__What is being asked__
From the line with "Zehn kleine Raupenkinder" to the line with "Ukrayna İnsansı Savaş", output every line below exactly, both ends included. Skip the pictures.

__Input for this task__
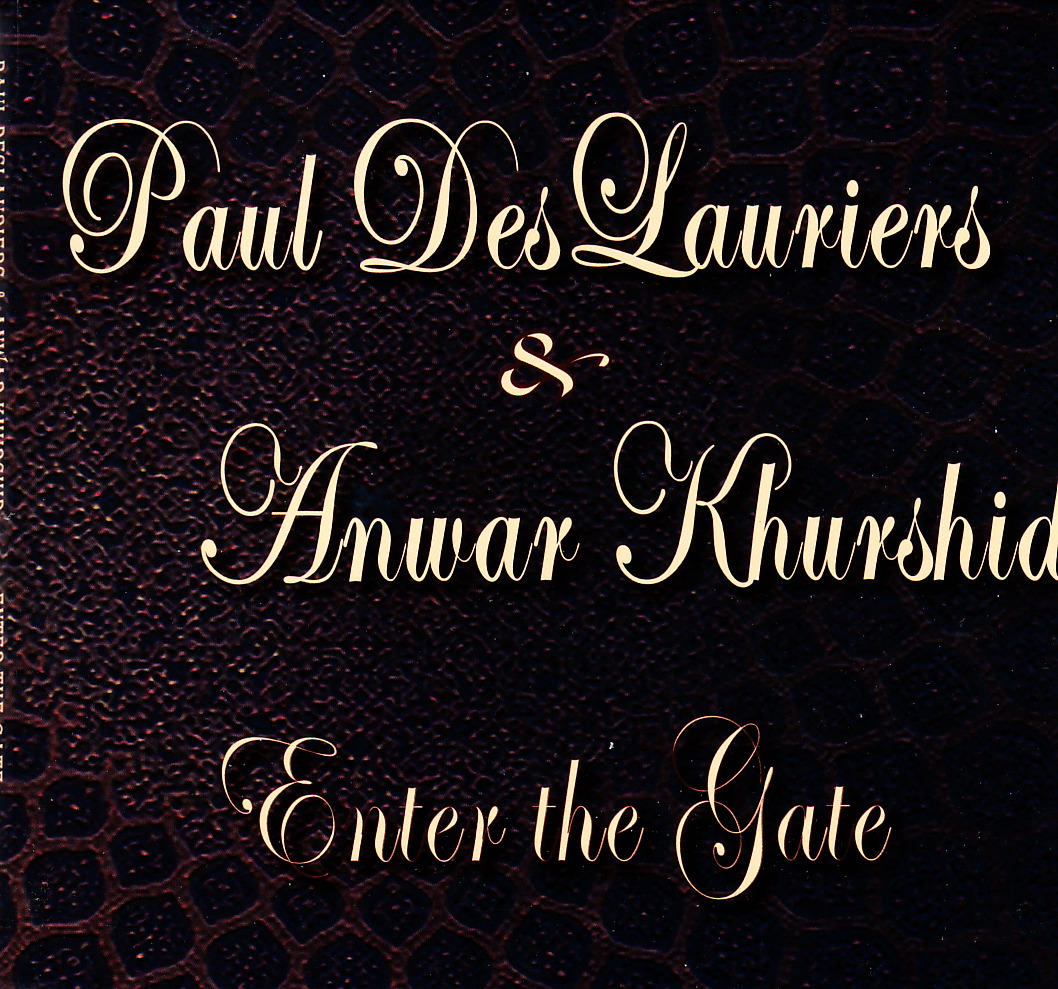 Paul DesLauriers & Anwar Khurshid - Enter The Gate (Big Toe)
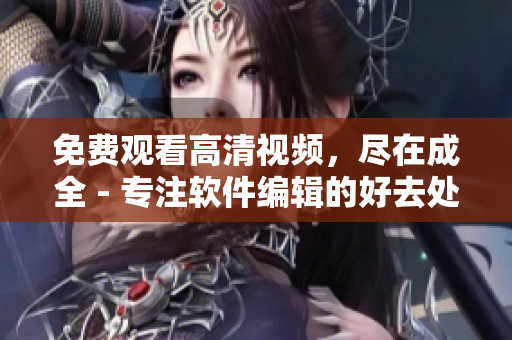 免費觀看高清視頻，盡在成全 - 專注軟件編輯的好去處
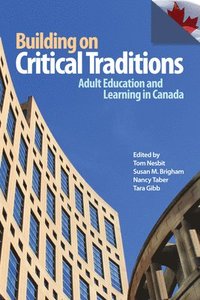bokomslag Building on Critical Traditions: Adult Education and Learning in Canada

==

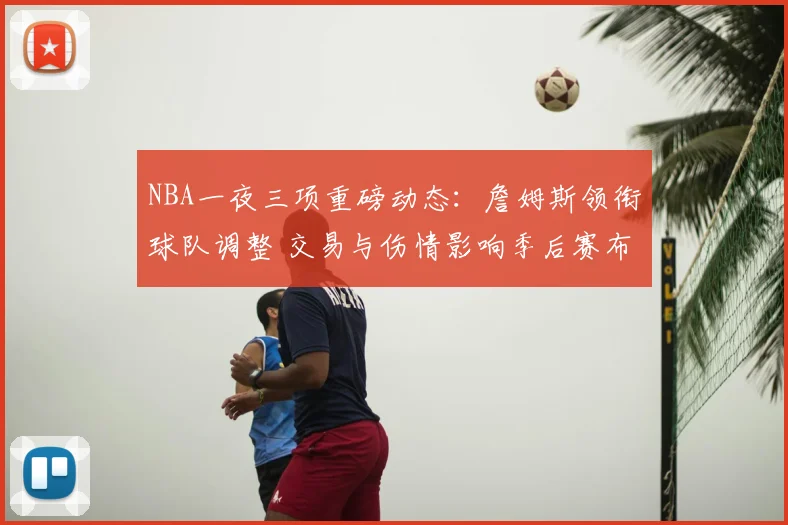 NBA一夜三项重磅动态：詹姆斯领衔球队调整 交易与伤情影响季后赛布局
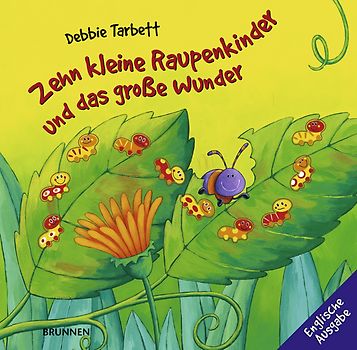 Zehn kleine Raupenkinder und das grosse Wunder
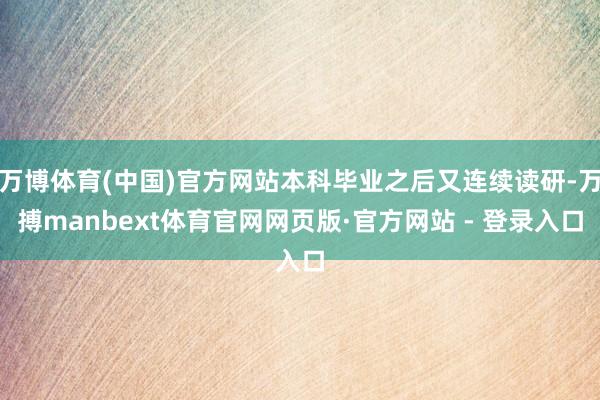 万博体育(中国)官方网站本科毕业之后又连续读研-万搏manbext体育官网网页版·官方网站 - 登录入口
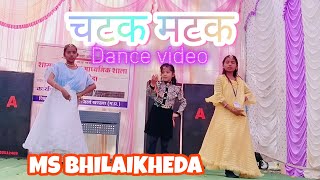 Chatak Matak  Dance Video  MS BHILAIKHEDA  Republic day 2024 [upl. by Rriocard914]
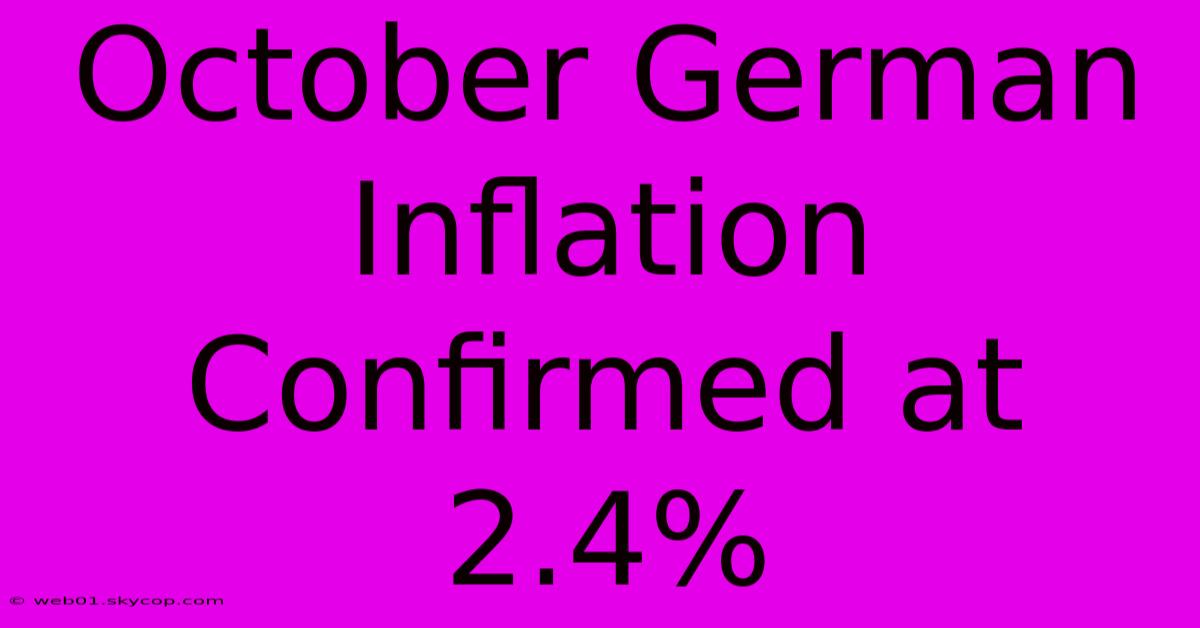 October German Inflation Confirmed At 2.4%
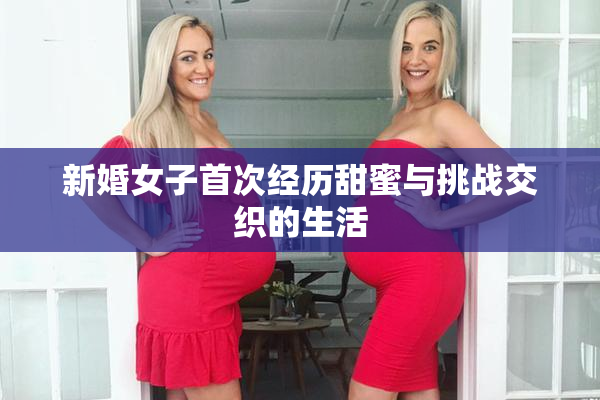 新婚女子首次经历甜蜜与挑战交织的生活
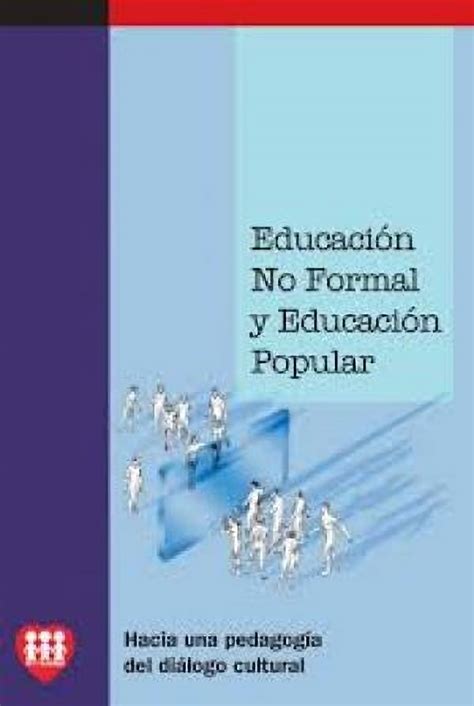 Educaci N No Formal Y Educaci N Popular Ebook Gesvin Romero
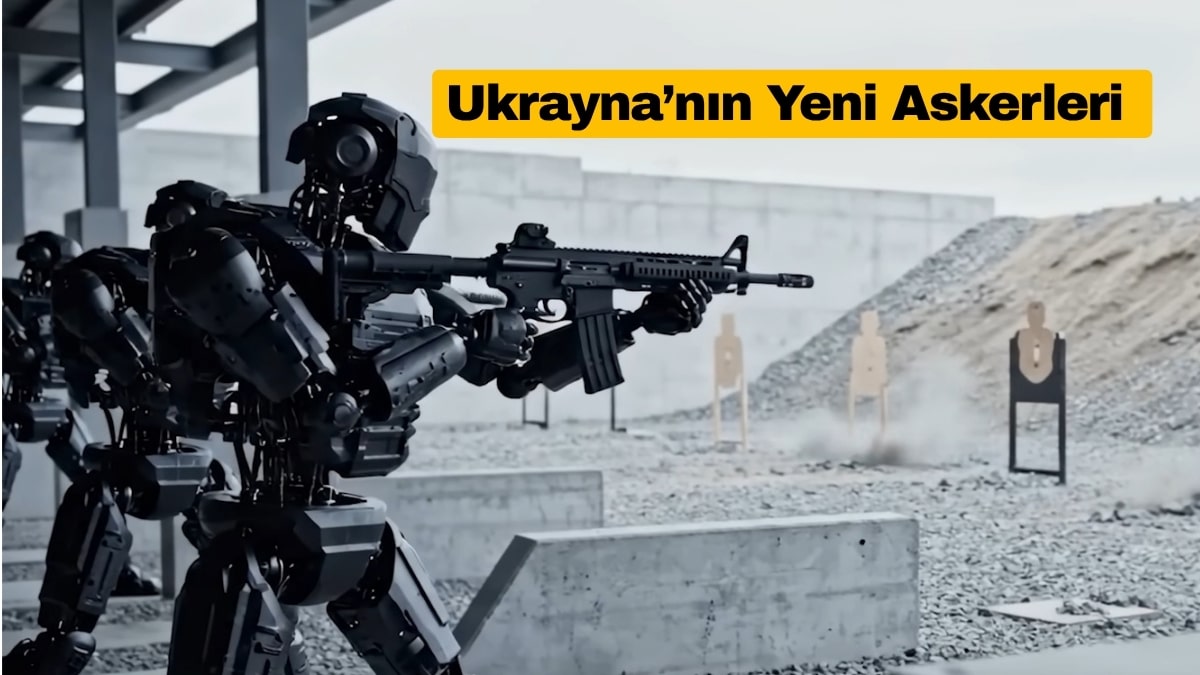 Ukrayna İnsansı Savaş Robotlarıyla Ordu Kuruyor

...

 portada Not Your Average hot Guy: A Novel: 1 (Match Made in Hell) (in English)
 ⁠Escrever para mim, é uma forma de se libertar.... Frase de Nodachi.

__Exercise answer__
 Zehn kleine Raupenkinder und das grosse Wunder
 万博体育(中国)官方网站本科毕业之后又连续读研-万搏manbext体育官网网页版·官方网站 - 登录入口
 Chatak Matak  Dance Video  MS BHILAIKHEDA  Republic day 2024 [upl. by Rriocard914]
 October German Inflation Confirmed At 2.4%
 新婚女子首次经历甜蜜与挑战交织的生活
 Educaci N No Formal Y Educaci N Popular Ebook Gesvin Romero
 Ukrayna İnsansı Savaş Robotlarıyla Ordu Kuruyor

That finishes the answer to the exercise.